This was not what he’d planned, this was not going according to plan at all. Kappa should have finished Chomie by now. What was one paltry pregnant woman and two inexperienced guards? So why wasn’t that alarm being raised? Where were the other guards, where—
Maybe it was intuition, or maybe he’d known all along. Whateve
r the reason, Bhatia’s eyes jerked away from the coordinator and Ryuhiko. He spun on his heel, searching . . . and saw Toranaga edging away.
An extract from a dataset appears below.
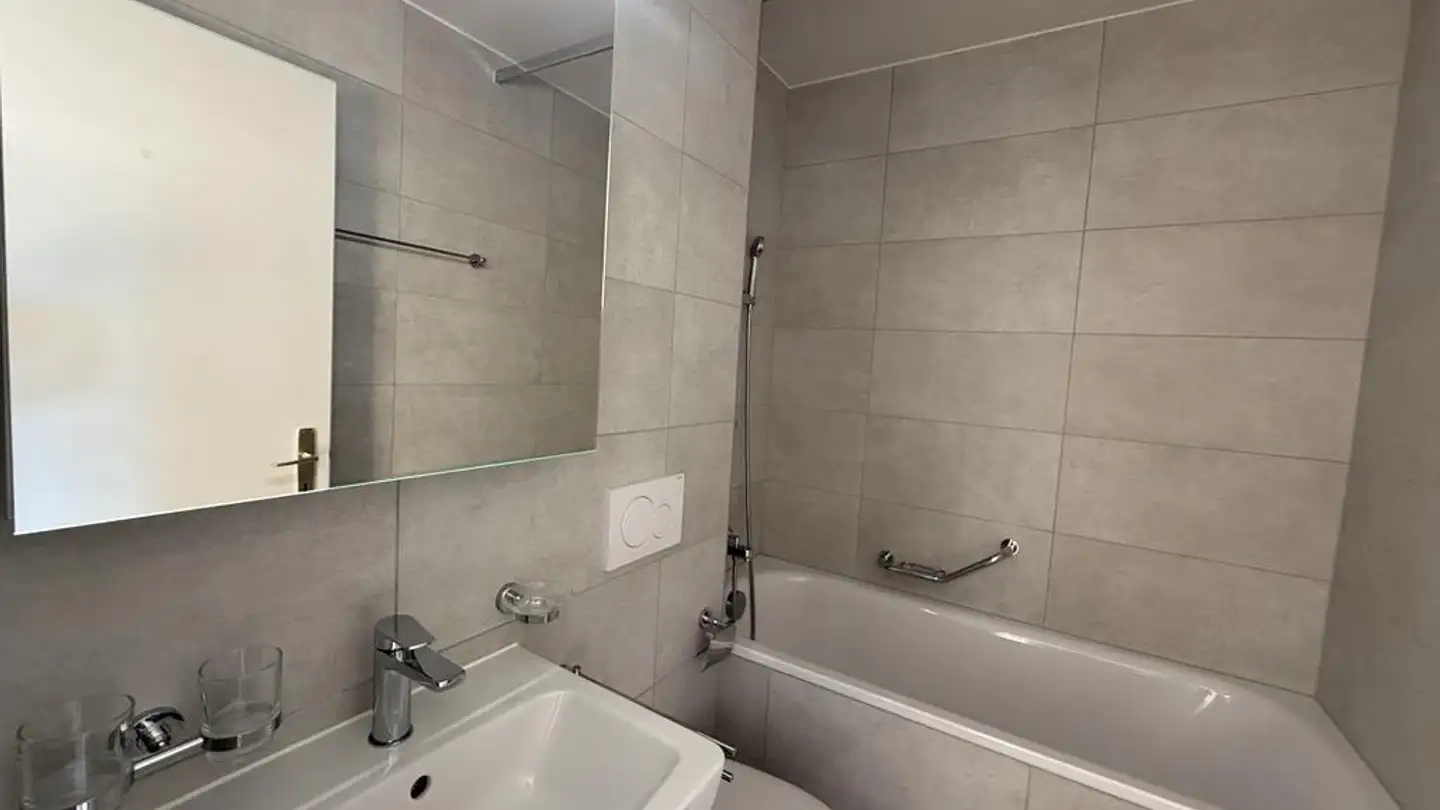 Appartamento in affitto - Avenue De La Perrausaz 94, 1814 La Tour-de-Peilz - Foto 3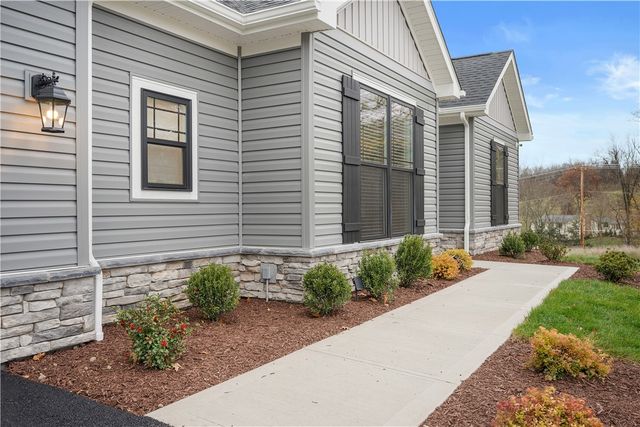 104 Ridgewood Heights Dr, West Deer, PA 15101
In a flash, he heard his own words, tolling his death knell: No witnesses.
* * *
Lungs screaming for air, Jonathan dashed headlong through the halls trailing blood. He knew something was wrong, yet he couldn’t see it clearly. What could it be? Then, at a cross corridor just ahead, he saw guards. Relief washed over him and for an instant, he imagined that things were going as planned after all. But then he realized that this knot of guards was hurrying the other way. He spied that trio of black robes but recognized only one.
He skidded to a halt. What is he doing here? Emi’s dead, but Ryuhiko is here, and that means he was gone before she got there. And now he’s here, and those monks—how could they know ahead of time, how could the news . . . ?
And then it hit him, all the facts clicking into place with swift and deadly precision because he was, whatever else, first and always a killer and a professional, and the answer was absurdly simple: No witnesses.
Toranaga. No!
Heart thundering in his chest, Jonathan pounded down the hall, eating up distance, knowing that if he went around to the main entrance he would be too late. They’re in there, they’re all in there, and Katana . . . ! Veering left, he darted through a separate entrance, the one usually reserved for the warlords, and in a second, he was through, blurring past a clutch of astonished guards, breaking through—
He saw Ryuhiko hulking over Vincent, who held a carved teak box. He saw Bhatia backing up, and then his frantic eyes found Toranaga already well away and moving ever farther . . .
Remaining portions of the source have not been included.